Re: [PATCH 2/2] mm: zswap: remove unnecessary tree cleanups in zswap_swapoff()
From: Yosry Ahmed
Date: Thu Jan 25 2024 - 17:34:49 EST
On Thu, Jan 25, 2024 at 2:31 PM Chris Li <chrisl@xxxxxxxxxx> wrote:
>
> Hi Yosry,
>
> On Thu, Jan 25, 2024 at 12:58 PM Yosry Ahmed <yosryahmed@xxxxxxxxxx> wrote:
> >
> > On Thu, Jan 25, 2024 at 10:55 AM Chris Li <chrisl@xxxxxxxxxx> wrote:
> > >
> > > Hi Yosry,
> > >
> > > On Wed, Jan 24, 2024 at 11:59 PM Yosry Ahmed <yosryahmed@xxxxxxxxxx> wrote:
> > > >
> > > > On Wed, Jan 24, 2024 at 9:29 PM Chris Li <chriscli@xxxxxxxxxx> wrote:
> > > > >
> > > > > Hi Yosry,
> > > > >
> > > > > On Tue, Jan 23, 2024 at 10:58 PM Yosry Ahmed <yosryahmed@xxxxxxxxxx> wrote:
> > > > > >
> > > > >
> > > > > > >
> > > > > > > Thanks for the great analysis, I missed the swapoff/swapon race myself :)
> > > > > > >
> > > > > > > The first solution that came to mind for me was refcounting the zswap
> > > > > > > tree with RCU with percpu-refcount, similar to how cgroup refs are
> > > > > > > handled (init in zswap_swapon() and kill in zswap_swapoff()). I think
> > > > > > > the percpu-refcount may be an overkill in terms of memory usage
> > > > > > > though. I think we can still do our own refcounting with RCU, but it
> > > > > > > may be more complicated.
> > > > > >
> > > > > > FWIW, I was able to reproduce the problem in a vm with the following
> > > > > > kernel diff:
> > > > >
> > > > > Thanks for the great find.
> > > > >
> > > > > I was worry about the usage after free situation in this email:
> > > > >
> > > > > https://lore.kernel.org/lkml/CAF8kJuOvOmn7wmKxoqpqSEk4gk63NtQG1Wc+Q0e9FZ9OFiUG6g@xxxxxxxxxxxxxx/
> > > > >
> > > > > Glad you are able to find a reproducible case. That is one of the
> > > > > reasons I change the free to invalidate entries in my xarray patch.
> > > > >
> > > > > I think the swap_off code should remove the entry from the tree, just
> > > > > wait for each zswap entry to drop to zero. Then free it.
> > > >
> > > > This doesn't really help. The swapoff code is already removing all the
> > > > entries from the trees before zswap_swapoff() is called through
> > > > zswap_invalidate(). The race I described occurs because the writeback
> > > > code is accessing the entries through the LRU, not the tree. The
> > >
> > > Why?
> > > Entry not in the tree is fine. What you describe is that, swap_off
> > > code will not see the entry because it is already not in the tree.

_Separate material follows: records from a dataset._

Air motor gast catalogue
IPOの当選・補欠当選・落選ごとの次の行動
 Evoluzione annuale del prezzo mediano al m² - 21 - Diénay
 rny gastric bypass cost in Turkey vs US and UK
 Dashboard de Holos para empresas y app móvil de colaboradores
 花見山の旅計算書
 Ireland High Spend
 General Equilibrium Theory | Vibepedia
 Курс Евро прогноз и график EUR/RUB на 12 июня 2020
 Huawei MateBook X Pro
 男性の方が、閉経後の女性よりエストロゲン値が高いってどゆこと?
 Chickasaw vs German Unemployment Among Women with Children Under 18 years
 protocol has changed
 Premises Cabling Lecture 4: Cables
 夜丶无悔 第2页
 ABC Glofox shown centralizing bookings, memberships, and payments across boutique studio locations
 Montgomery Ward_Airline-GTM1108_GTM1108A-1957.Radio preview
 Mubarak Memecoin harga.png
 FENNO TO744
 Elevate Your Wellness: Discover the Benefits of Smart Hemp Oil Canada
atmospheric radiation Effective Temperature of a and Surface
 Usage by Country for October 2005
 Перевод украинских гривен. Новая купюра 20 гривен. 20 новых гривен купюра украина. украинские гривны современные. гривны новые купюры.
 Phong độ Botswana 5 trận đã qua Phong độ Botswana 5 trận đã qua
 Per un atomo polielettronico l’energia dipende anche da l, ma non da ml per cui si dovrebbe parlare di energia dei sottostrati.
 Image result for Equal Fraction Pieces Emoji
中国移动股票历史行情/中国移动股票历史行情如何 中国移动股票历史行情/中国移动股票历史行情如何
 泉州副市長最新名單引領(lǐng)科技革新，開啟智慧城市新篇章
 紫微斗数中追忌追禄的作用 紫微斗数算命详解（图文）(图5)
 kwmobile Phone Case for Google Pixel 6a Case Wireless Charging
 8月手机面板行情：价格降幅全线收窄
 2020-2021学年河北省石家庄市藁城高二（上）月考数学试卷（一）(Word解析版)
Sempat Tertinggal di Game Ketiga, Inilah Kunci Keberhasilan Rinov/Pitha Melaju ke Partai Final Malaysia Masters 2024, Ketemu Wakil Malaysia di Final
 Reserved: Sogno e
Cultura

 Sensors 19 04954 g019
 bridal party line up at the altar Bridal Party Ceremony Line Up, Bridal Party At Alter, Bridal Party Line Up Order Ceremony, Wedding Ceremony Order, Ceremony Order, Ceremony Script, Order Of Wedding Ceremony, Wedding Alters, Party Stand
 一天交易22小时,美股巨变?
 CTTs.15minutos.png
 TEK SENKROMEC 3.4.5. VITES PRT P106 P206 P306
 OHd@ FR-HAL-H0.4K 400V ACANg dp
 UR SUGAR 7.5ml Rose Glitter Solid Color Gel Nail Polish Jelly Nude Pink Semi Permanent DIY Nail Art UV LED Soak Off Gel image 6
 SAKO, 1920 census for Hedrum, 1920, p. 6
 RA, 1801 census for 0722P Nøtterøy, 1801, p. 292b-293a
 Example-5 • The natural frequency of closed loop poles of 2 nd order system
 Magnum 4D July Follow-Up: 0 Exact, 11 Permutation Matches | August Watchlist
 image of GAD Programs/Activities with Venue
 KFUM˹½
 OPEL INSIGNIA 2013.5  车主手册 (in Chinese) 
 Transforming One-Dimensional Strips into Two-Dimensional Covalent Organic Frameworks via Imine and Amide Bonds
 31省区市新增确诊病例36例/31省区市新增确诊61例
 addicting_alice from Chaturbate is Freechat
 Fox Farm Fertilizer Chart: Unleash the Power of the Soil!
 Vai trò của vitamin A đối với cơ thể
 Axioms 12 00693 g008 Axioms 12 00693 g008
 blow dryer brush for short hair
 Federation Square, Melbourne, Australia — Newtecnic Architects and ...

> > > The last one holding the reference count would free it.
> > >
> > > > writeback code could have isolated a zswap entry from the LRU before
> > > > swapoff, then tried to access it after swapoff. Although the zswap
> > >
> > > The writeback should have a reference count to the zswap entry it
> > > holds. The entry will not be free until the LRU is done and drop the
> > > reference count to zero.
> > >
> > > > entry itself is referenced and safe to use, accessing the tree to grab
> > > > the tree lock and check if the entry is still in the tree is the
> > > > problem.
> > >
> > > The swap off should wait until all the LRU list from that tree has
> > > been consumed before destroying the tree.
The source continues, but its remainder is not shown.